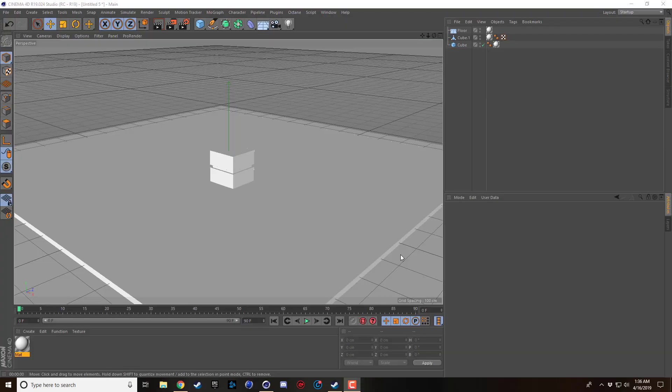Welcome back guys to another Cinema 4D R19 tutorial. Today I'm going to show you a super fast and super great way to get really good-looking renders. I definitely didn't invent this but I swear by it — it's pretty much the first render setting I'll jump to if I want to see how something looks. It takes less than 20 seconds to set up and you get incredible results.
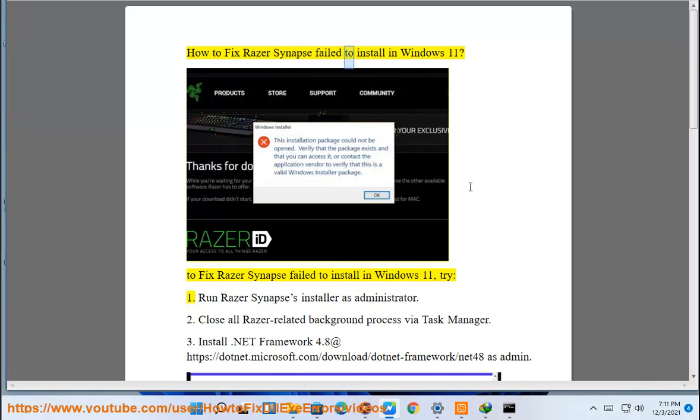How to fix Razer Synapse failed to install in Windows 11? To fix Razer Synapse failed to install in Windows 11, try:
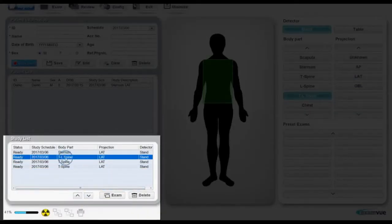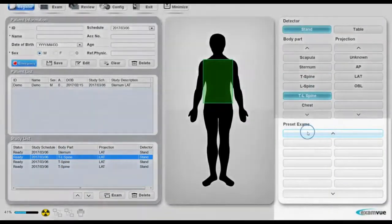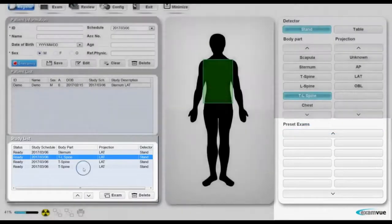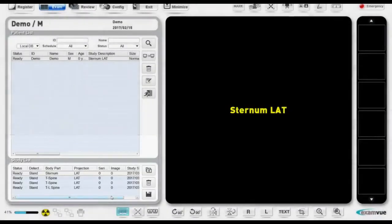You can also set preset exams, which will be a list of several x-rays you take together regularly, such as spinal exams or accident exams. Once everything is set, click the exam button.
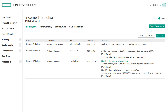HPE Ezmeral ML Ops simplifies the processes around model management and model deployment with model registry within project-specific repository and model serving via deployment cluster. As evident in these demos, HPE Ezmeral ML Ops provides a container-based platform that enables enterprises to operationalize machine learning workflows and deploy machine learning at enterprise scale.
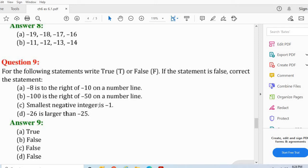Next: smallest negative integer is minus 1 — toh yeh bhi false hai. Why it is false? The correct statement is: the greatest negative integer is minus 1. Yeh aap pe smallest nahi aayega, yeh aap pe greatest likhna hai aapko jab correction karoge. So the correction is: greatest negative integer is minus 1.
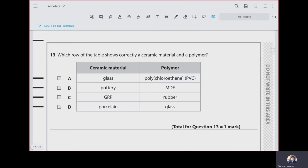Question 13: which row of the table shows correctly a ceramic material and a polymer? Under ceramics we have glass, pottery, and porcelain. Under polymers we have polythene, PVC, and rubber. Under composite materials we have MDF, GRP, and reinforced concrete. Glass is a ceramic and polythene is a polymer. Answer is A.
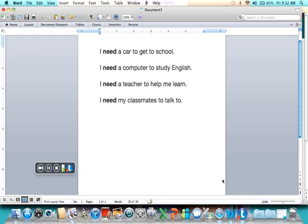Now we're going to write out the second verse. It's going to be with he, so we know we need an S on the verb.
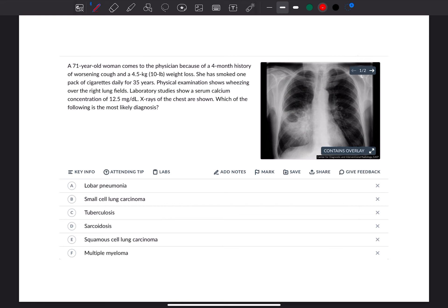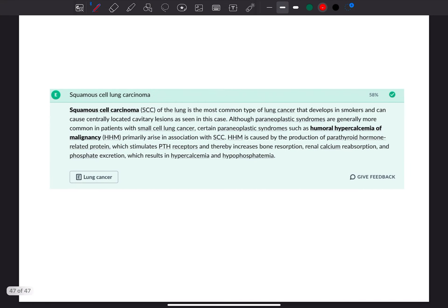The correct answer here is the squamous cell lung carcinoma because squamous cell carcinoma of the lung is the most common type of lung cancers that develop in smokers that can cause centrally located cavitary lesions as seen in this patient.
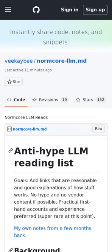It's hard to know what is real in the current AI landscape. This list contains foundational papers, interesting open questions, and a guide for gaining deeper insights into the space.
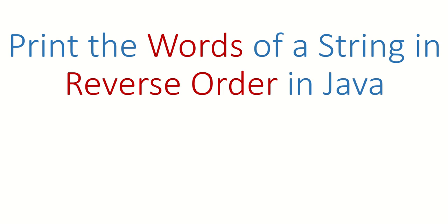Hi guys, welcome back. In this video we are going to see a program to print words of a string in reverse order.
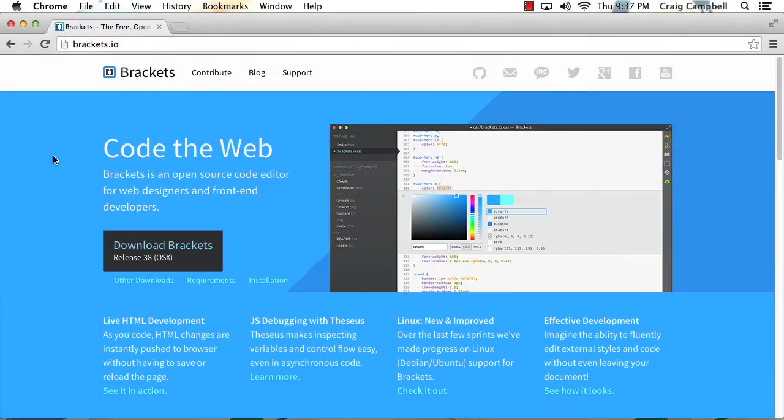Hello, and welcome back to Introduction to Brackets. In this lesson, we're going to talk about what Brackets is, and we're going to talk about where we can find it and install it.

○ ○ ○ ○ ○

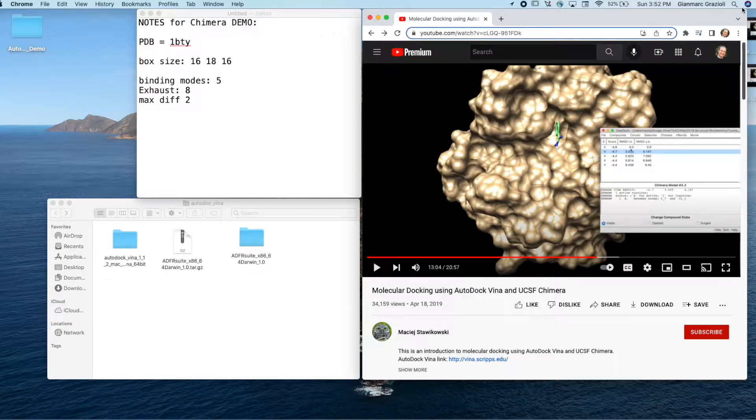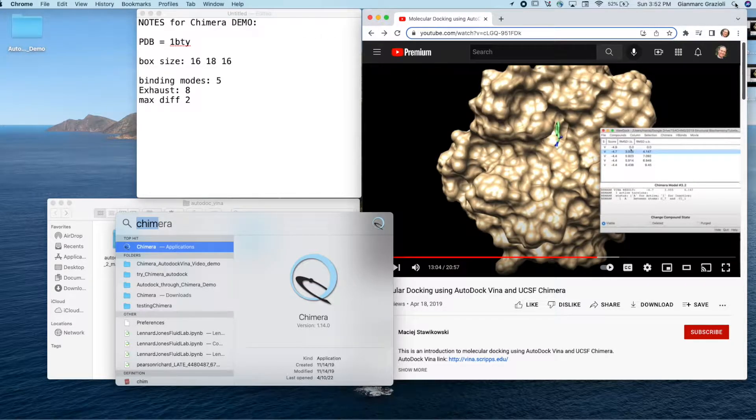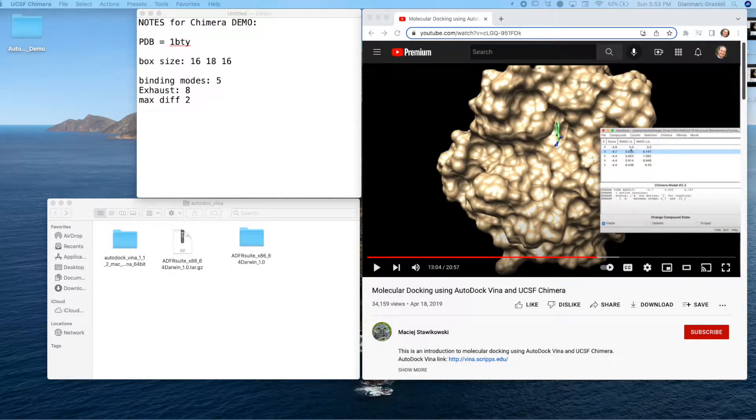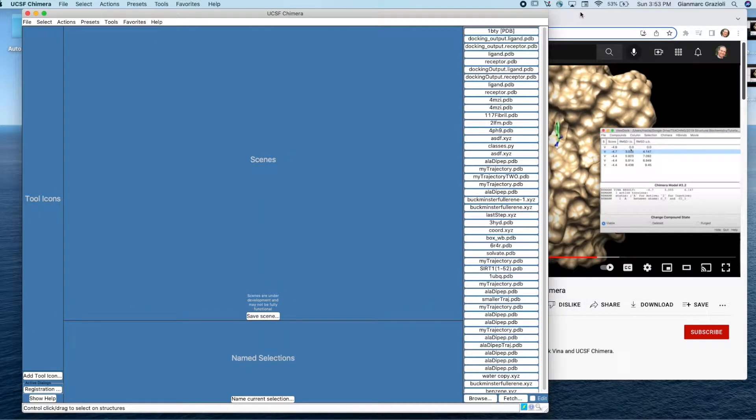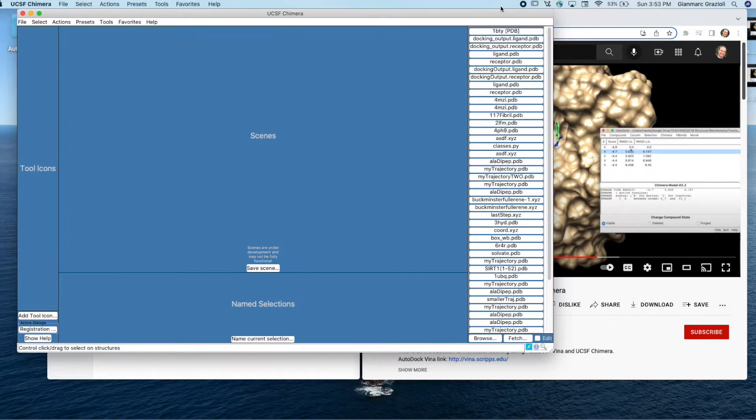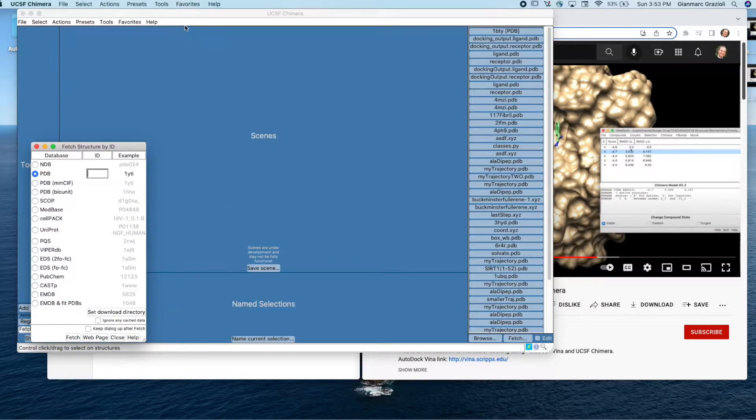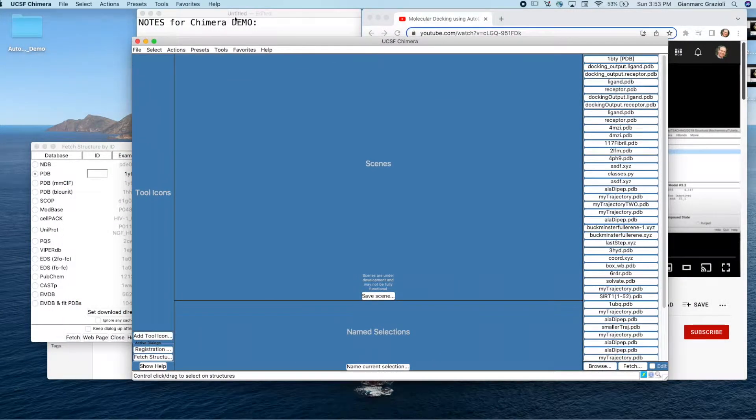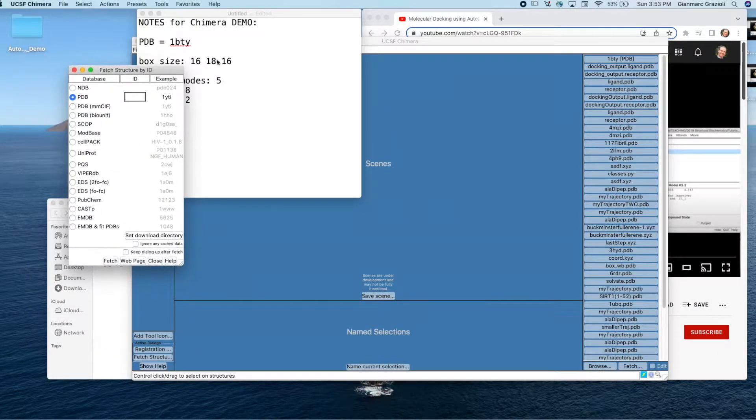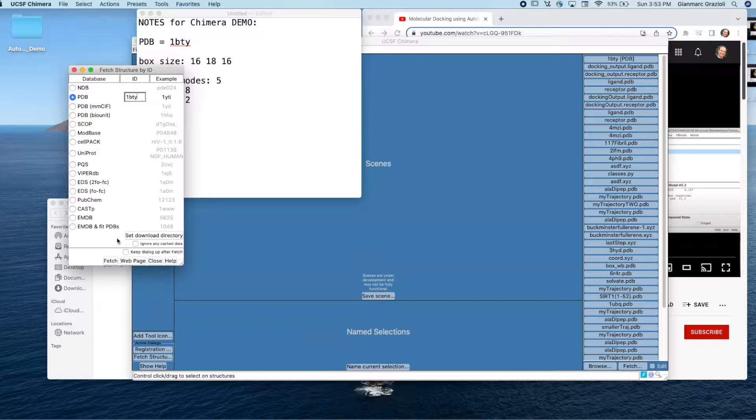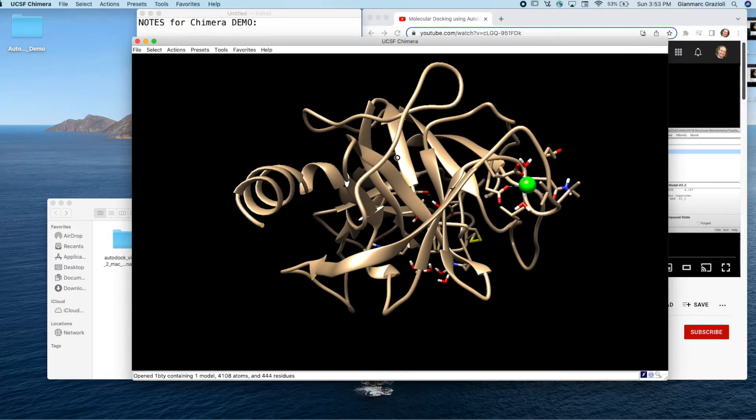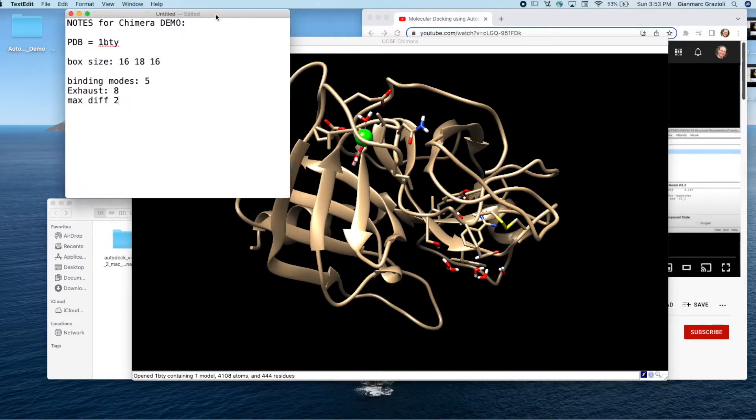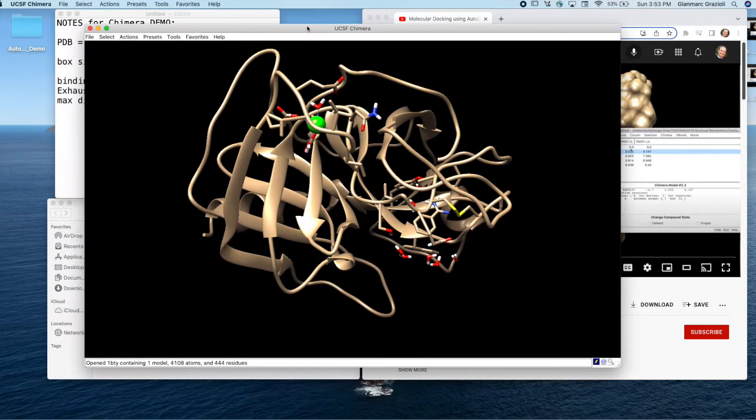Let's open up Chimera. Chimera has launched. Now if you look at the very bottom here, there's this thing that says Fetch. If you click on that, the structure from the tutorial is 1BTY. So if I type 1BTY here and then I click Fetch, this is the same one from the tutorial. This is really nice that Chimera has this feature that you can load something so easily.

○ ○ ○ ○ ○

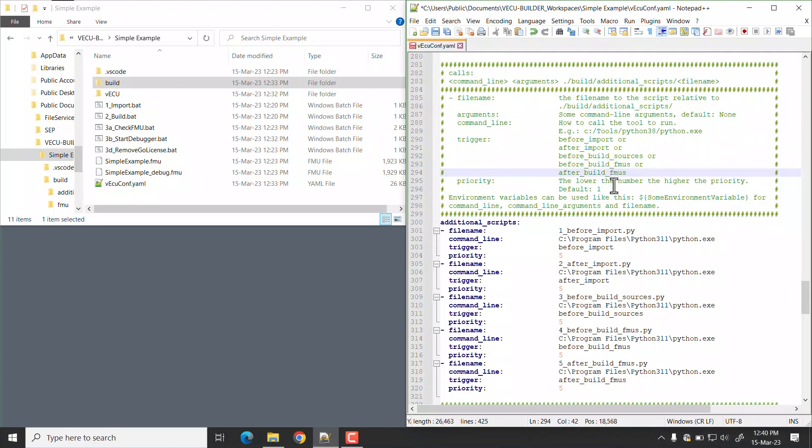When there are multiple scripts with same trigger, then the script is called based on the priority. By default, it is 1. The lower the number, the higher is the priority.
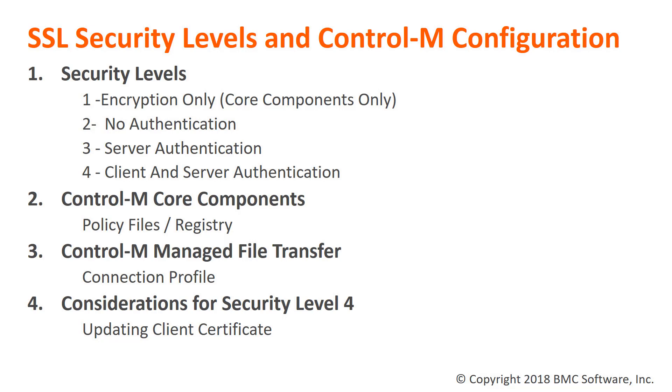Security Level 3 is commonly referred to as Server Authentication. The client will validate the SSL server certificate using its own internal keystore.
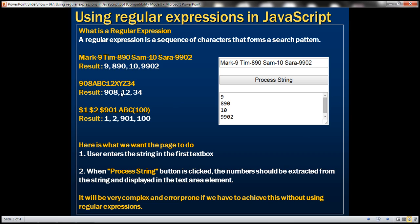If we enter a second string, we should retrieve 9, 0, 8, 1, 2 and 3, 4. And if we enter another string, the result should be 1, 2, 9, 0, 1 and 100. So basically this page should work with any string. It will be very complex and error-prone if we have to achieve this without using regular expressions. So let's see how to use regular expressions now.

○ ○ ○ ○ ○

# Assignment
Nothing but the lines from the one with "Hi guys, welcome" to the one with "Hello, and welcome" above, both included, should be transcribed, exactly and without pictures.

# Written answer
Hi guys, welcome back. In this video we are going to see a program to print words of a string in reverse order.
Hello, and welcome back to Introduction to Brackets. In this lesson, we're going to talk about what Brackets is, and we're going to talk about where we can find it and install it.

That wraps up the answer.